## Import Languages

dataset location:
> `\dataset\languages\`

### languages.json
data from WikiPedia and in ISO format, includes extra data such as native name and number of speakers. Source:
* https://en.wikipedia.org/wiki/List_of_languages_by_number_of_native_speakers

### language-codes
ISO Language Codes (639-1 and 693-2) and IETF Language Types("language-codes" directory): 
* https://datahub.io/core/language-codes

more on specific standards:
* https://www.iso.org/iso-639-language-codes.html

"file" collumn in "ietf-language-tags.csv" point to "core/main" directory files with usefull information about languages.

### core
provided by [CLDR project](https://cldr.unicode.org/) available in:
* https://www.unicode.org/Public/cldr/latest/core.zip

In [1]:
# Cleaning and setup.
import os, json
import pandas as pd
from tqdm.auto import tqdm
from django.conf import settings
from datacore.models import Language

# OPTIONAL: Deleting all Languages from database.
#Language.objects.all().delete()
# OPTIONAL: Deleting all Languages from database except English.
#Language.objects.all().exclude(alpha2='en').delete()

In [2]:
# Importing Languages.
# import alpha2, alpha3b, en_name
lang_file = os.path.join(settings.BASE_DIR, '../dataset/languages/language-codes/archive/language-codes-3b2.csv')
df = pd.read_csv(lang_file, encoding='utf-8', sep=',')

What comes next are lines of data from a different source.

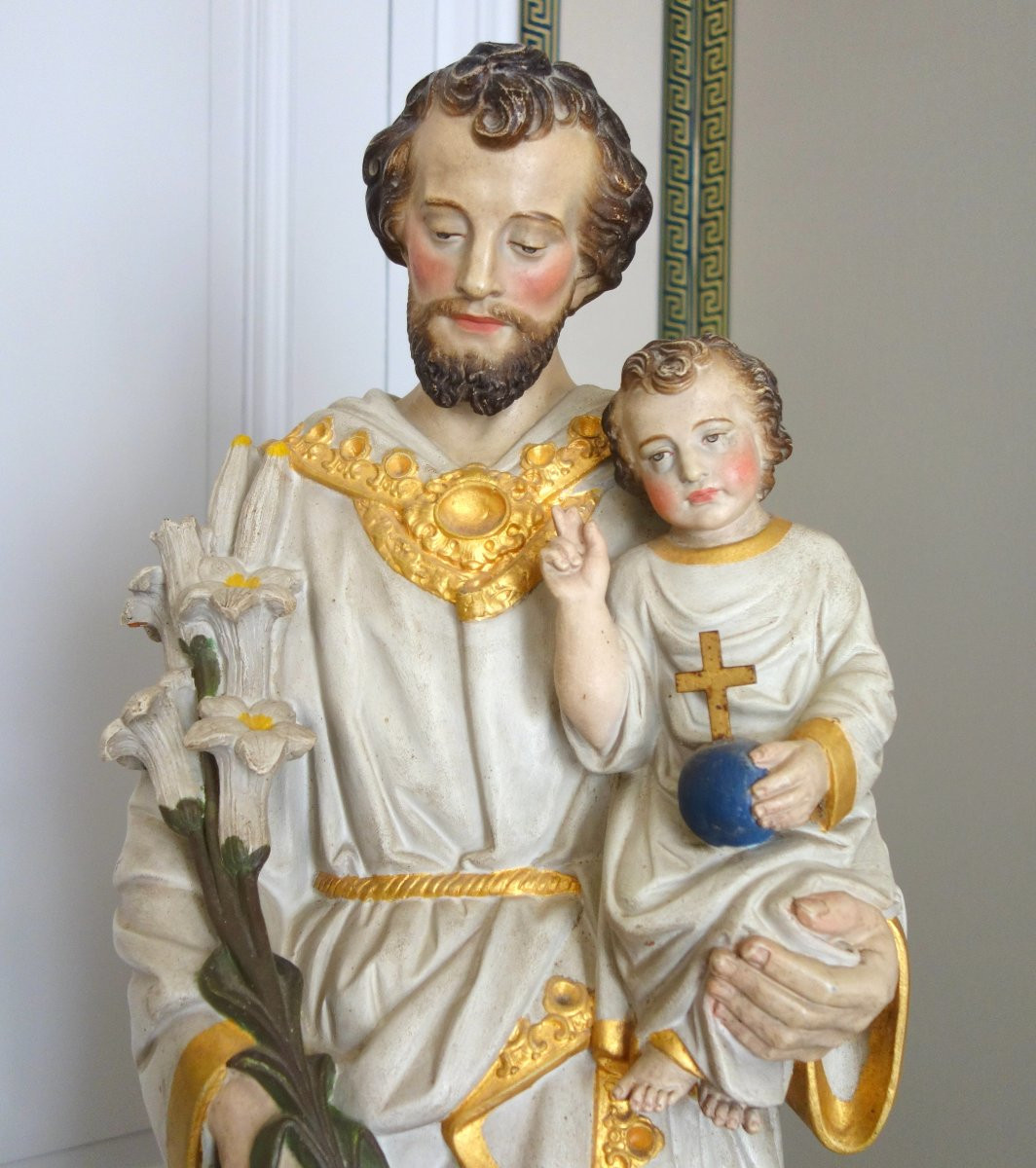 Grande statue de dévotion ou chapelle : Saint Joseph & l'enfant Jésus - platre polychrome doré-photo-2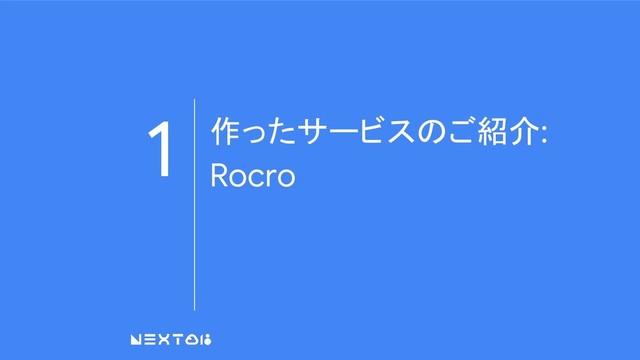 1 作ったサービスのご紹介:
Rocro
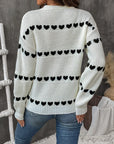 Perfee Heart Round Neck Long Sleeve Sweater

for row in tqdm(df.iterrows(), total=len(df)):
    language, created = Language.objects.get_or_create(alpha2=row[1]['alpha2'])
    language.alpha3b = row[1]['alpha3-b']
    language.en_name = row[1]['English']
    language.save()

  0%|          | 0/184 [00:00<?, ?it/s]

In [3]:
# import alpha3t and less used languages
lang_file = os.path.join(settings.BASE_DIR, '../dataset/languages/language-codes/archive/language-codes-full.csv')
df = pd.read_csv(lang_file, encoding='utf-8', sep=',')
df.fillna('', inplace=True)

for row in tqdm(df.iterrows(), total=len(df)):
    try:
        if row[1]['alpha2'] != "":
            language = Language.objects.get(alpha2=row[1]['alpha2'])
            if row[1]['alpha3-t'] != "":
                language.alpha3t = row[1]['alpha3-t']
                language.save()
        else:
            language = Language(alpha3b=row[1]['alpha3-b'], en_name=row[1]['English'])
            language.save()       
    except:
        tqdm.write(f"Error in importing row: {row[1]}")
    

  0%|          | 0/487 [00:00<?, ?it/s]

Error in importing row: alpha3-b                     qaa-qtz
alpha3-t                            
alpha2                              
English       Reserved for local use
French      réservée à l'usage local
Name: 352, dtype: object


In [4]:
# import custom data(for now: language in native and number of speakers)
lang_file_json = os.path.join(settings.BASE_DIR, '../dataset/languages/languages.json')
lang_data_json = json.loads(open(lang_file_json, "rb").read().decode('utf-8-sig'))
for lang in tqdm(lang_data_json):
    try:
        language = Language.objects.get(alpha2=lang)
        if 'speakers' in lang_data_json[lang]:
            language.native_speakers = lang_data_json[lang]['speakers']
        language.native_name = lang_data_json[lang]['nativeName']
        language.save()
    except:
        print(f"Error in importing: {lang_data_json[lang]}")

# TODO: import dialect, territory, and other language data from ietf-language-tags.csv and it's link to 'core' dataset
# TODO: locations can be imported from http://www.geonames.org/

  0%|          | 0/182 [00:00<?, ?it/s]